What I propose is melding the two models, an idea that was generated while observing the Village Courts in Papua New Guinea. The Village Courts attempt to integrate indigenous traditions and restorative processes with the formal justice system. Although in Papua New Guinea the system is fraught with enormous political and economic problems, the basic model is sound.
Rather than being a parallel system, the Village Courts function to provide community-based justice which can then be enforced in the traditional system when the process does not result in compliance. Established by the Village Courts Act in 1973 and modified and expanded by the Village Courts Act of 1989, the Village Courts seek to apply restorative justice based on the Melanesian tradition of mediation and local custom (normative practices) to promote harmony in the communities. The Village Courts consider civil and customary law cases and minor criminal matters and may order reparations, fines, and community service, but not imprisonment. With judicial system reforms in 2000, restorative justice was established as one of the “pillars” of the Papua New Guinean justice system with efforts to expand and improve the Village Courts (Papua New Guinea Law & Justice Sector, 2000; Kimisopa, 2007). Recently, there were more than 1,100 village courts in Papua New Guinea, a country with a land mass equivalent to California and a population of approximately seven million.
As a British Commonwealth country, the formal judicial system is very similar to that of the United States, with an independent judiciary that functions as a separate branch of government and a tiered court system, in order of descending jurisdiction, consisting of a supreme court, national courts, district courts, and village courts. The supreme, national, and district courts are part of the formal court system with judges or magistrates appointed and applying constitutional, legislative, and common law (with incremental incorporation of local customary law into British/Australian common law). On election or nomination by each local area council, village court officers, who are respected members of their communities, are appointed by the government; the officers in each village court, who receive training in procedures, legal limits, and mediation skills, are several magistrates, with one of the magistrates serving as chair or chief magistrate, a clerk who maintains written records of the court’s proceedings, and one or more peace officers.

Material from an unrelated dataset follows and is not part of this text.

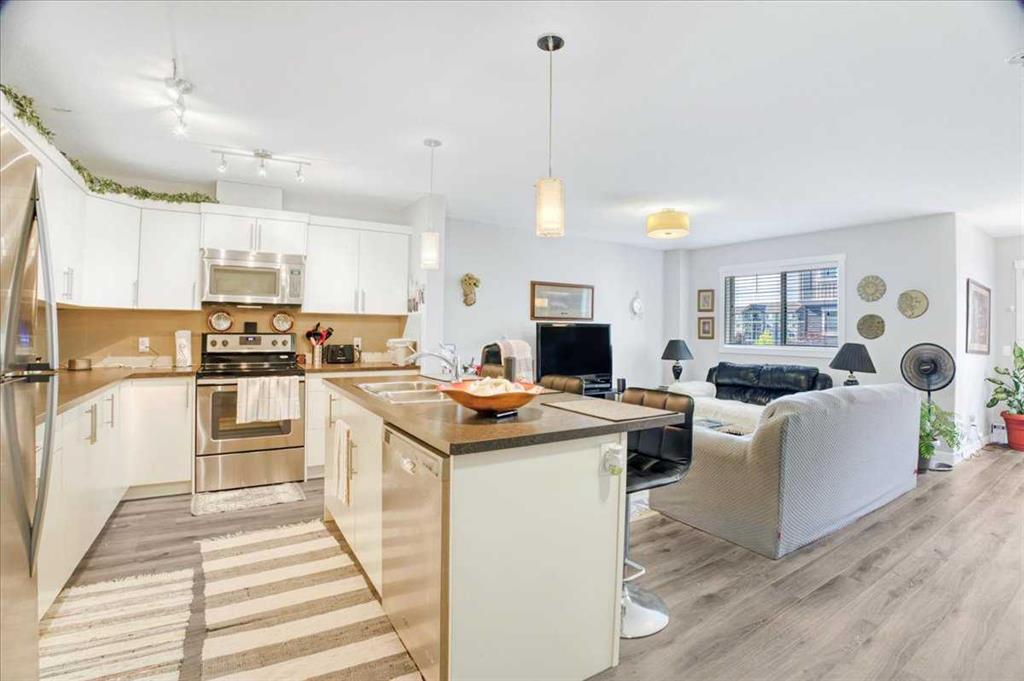Picture of 307 Skyview Ranch Grove NE, Calgary Real Estate Listing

The village courts apply local custom law in a three-tiered process. Significantly, the village courts are limited both in cases they can consider and results by constitutional law and legislation. Initially, when a dispute arises, one or more magistrates may try to conciliate the matter informally. If this fails to resolve the dispute or when an offense has been committed, a formal mediation is held in which all affected parties and members of the community have the opportunity to discuss the matter. The mediation process is essentially the same as practiced in community mediation centers in the United States, with opportunity for all concerned to express what happened and the impact, discuss what is needed to resolve the dispute (in civil cases), or repair the harm (in a criminal cases), and jointly decide what will happen, which is then recorded as the mediated agreement (personal observation, 2008). A distinction, however, is that the mediation agreement is recorded for two purposes: for reference in the event a party does not comply, and for review by the government for compliance with constitutional and legislative requirements. Subsequently, if the agreement is breached, the case proceeds to a hearing (similar to an informal, but binding, arbitration hearing) before the magistrates, who after hearing from the parties involved, decide the matter by consensus of the magistrates and issue an order. If the order is then breached, the aggrieved party can take the order to the district court for consideration and formal action.

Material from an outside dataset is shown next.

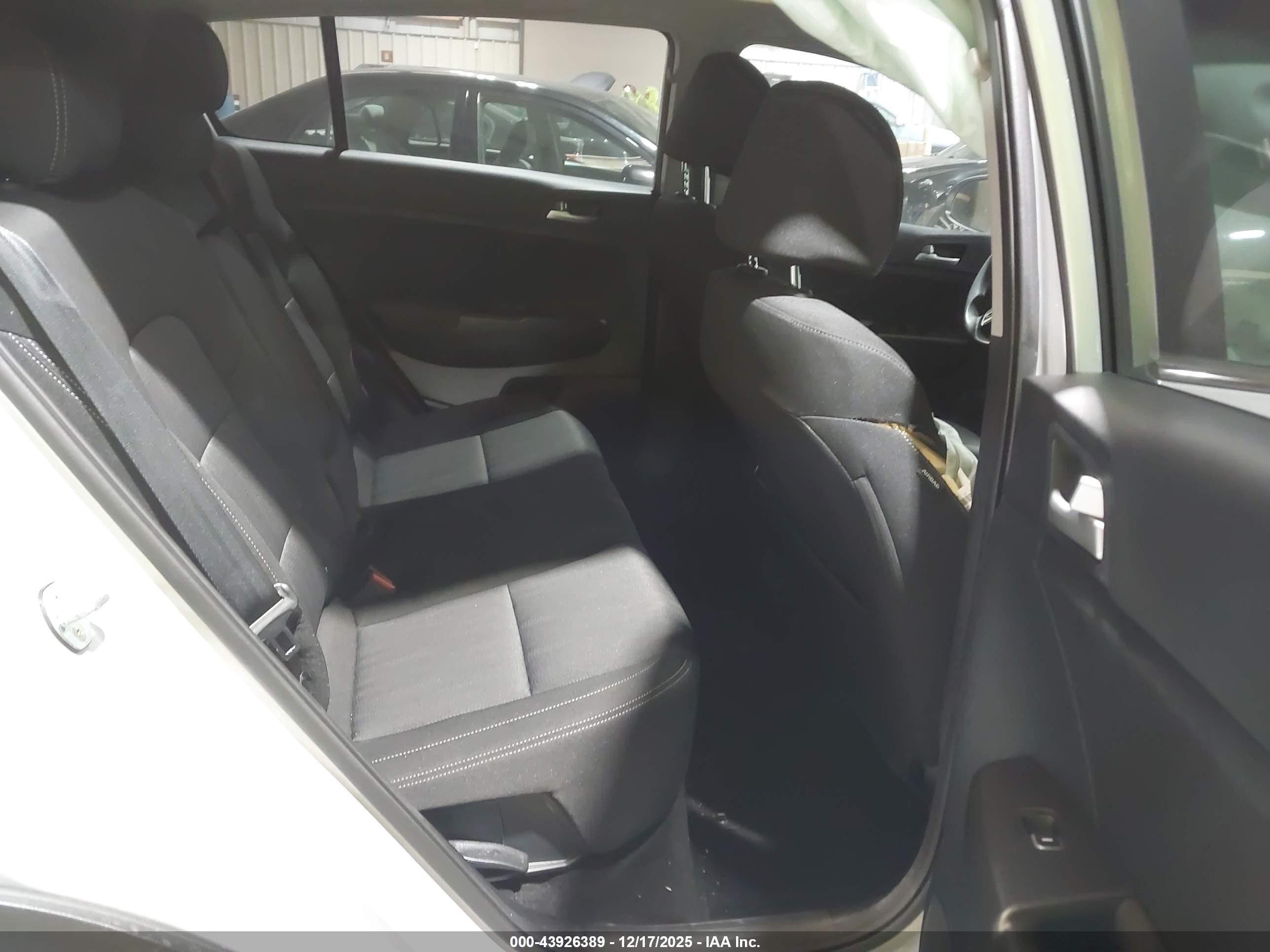 KIA SPORTAGE image 8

This general model could work very well in Western legal systems. Although precise details require discussion, a proposed framework for our system is as follows. Community justice centers are established, coordinating with existing community mediation organizations and civil society community organizations, operated mainly by members of the community who receive specialized training and with some administrative support, and collaborating with local governmental organizations. Once established, citizens could access the community-based process on their own initiative, or on referral from community agencies, including civil society as well as government agencies. Law enforcement entities would initially refer matters to the community justice centers within specified jurisdictional ranges (misdemeanors and nonviolent, low-level felonies) and/or refer based on voluntary choice by victims and offenders. The community justice centers would function within the communities, using existing space in such locations as schools, community centers, churches, and so forth. If victims objected to a restorative process or offenders either objected or were not willing to accept responsibility, then those cases would move forward to be processed through the traditional system. Also, seriously violent crimes and severe white-collar crimes would initially route through the traditional system, although restorative justice processes should be integrated into those proceedings. For example, as much as possible, victims should have a voice in the process involving repair of harms, as a mandatory consideration in sentencing orders, and with opportunities for restorative dialogue provided at appropriate stages. In tandem, there should be opportunities for offenders to engage in various restorative options, including during any incarceration and prerelease. The restorative processes and partnerships provided and developed in the community justice centers should also serve as resources for providing restorative dialogue and other restorative options to more serious offender cases handled in the traditional court system, as well as for reentry programs.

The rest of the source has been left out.